Work order
In the data below, the answer is the run of lines from the line containing "Load image into" through the line containing "Multi -Vans 4932fc0302e449e7839ed0771056c3ca", both included; print it exactly and nothing else.

Record extracts

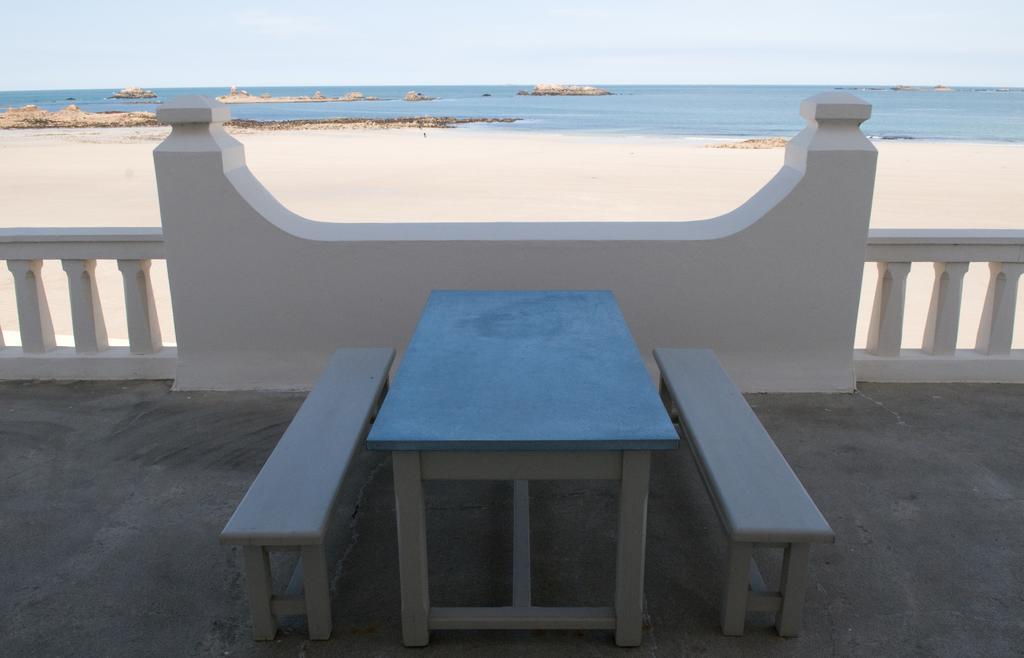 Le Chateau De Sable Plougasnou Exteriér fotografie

...

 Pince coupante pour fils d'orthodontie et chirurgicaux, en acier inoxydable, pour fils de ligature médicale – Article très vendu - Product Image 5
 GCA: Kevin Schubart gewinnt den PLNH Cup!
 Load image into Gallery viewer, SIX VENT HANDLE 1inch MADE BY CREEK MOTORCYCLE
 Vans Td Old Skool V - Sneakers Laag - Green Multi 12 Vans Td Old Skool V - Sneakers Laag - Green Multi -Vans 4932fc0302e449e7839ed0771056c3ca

Result for this exercise
 Load image into Gallery viewer, SIX VENT HANDLE 1inch MADE BY CREEK MOTORCYCLE
 Vans Td Old Skool V - Sneakers Laag - Green Multi 12 Vans Td Old Skool V - Sneakers Laag - Green Multi -Vans 4932fc0302e449e7839ed0771056c3ca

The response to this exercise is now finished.